During an interview with Prime Minister K P Sharma Oli, the BBC had presented a documentary report on Everest expedition this season. In the documentary, the BBC claimed that of the total 60 liaison officers deployed at the base camp to regulate the expedition team, only five were on the duty.
“Did that revelation disturb you?” Mathew Amliwala had asked PM Oli. But Oli was without a concrete answer.
Oli also claimed that the situation is not as worse as it is rumored and the reason behind the deaths was not due to the crowd.
In contrast to BBC claim, the Department of Tourism, two days later, said that only 15 of the deployed 37 officials for the 44 expedition teams had not reached the base camp, according to a report by Onlinekhabar.
Many of the liaison officers who did not reach the base camp said they were unable to reach there due to their health condition, it further said.
Mountaineer Pemba Dorje Sherpa also denied the reports that too many people on the Everest were the cause of deaths.
‘No, climbers do not die due to traffic jam,” said the 20 time Everest summiteer in a television interview Janata Janna Chahanchan.
“Most of the deaths are due to inexperience and weather condition. Ascending Everest is itself a risky business. There is always a danger of avalanches and blizzards,” he said.
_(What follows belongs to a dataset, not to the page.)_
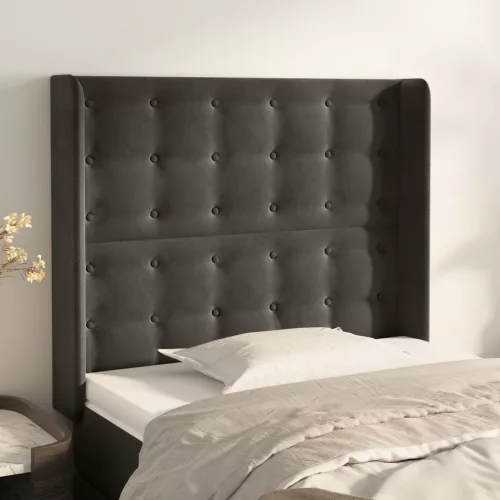vidaXL sötétszürke bársony fejtámla szárnyakkal 93x16x118/128 cm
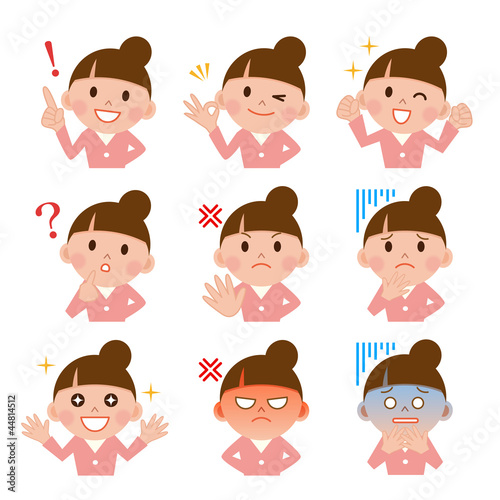 Illustration: 女性 表情 セット 女性 表情 セット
“When the queue is longer, climbers may suffer from cold and frostbite. There is also a risk of running out of oxygen. But we cannot blame traffic jam for the climbers’ deaths.”
“Of course, overcrowding has been a problem that needs to be addressed. To avoid such crowds the government should issue 300 or fewer permits in the coming year.”
Another major concern about Everest is the heap of trash left by the mountain expeditioners. Although the government has launched Everest clean-up drive from time to time, the rubbish such as fluorescent tents, discarded climbing equipment, empty gas canisters and even human excrement litter the route to the summit of the 8,848-meter (29,029-foot) peak which has made the world’s tallest peak look ugly.
Sherpa said that the government should give Everest a rest for at least a year to give space for clean-up campaign.
He was of the view that the government should deploy mountaineers or Nepal Army personnel instead of inexperienced government employees to clean the Everest.
Asked why the group of mountaineers deployed to clean the Everest did not clean the trash, he said, “The government officials who were on the base camp did not pay the climbers. Why would the mountaineers work?”
According to him, the Sherpa mountaineers were made the victim of politics in the name of trash collection by some corrupt government officials.
“They take money for cleaning the mountain and don’t pay the mountaineers. We even filed written complaints at the Tourism Board. But, they don’t listen,” he said.
He also suggested the government take concrete measures before it is too late.
“Along with clean-up drive, the government should think about not letting garbage on the Everest.”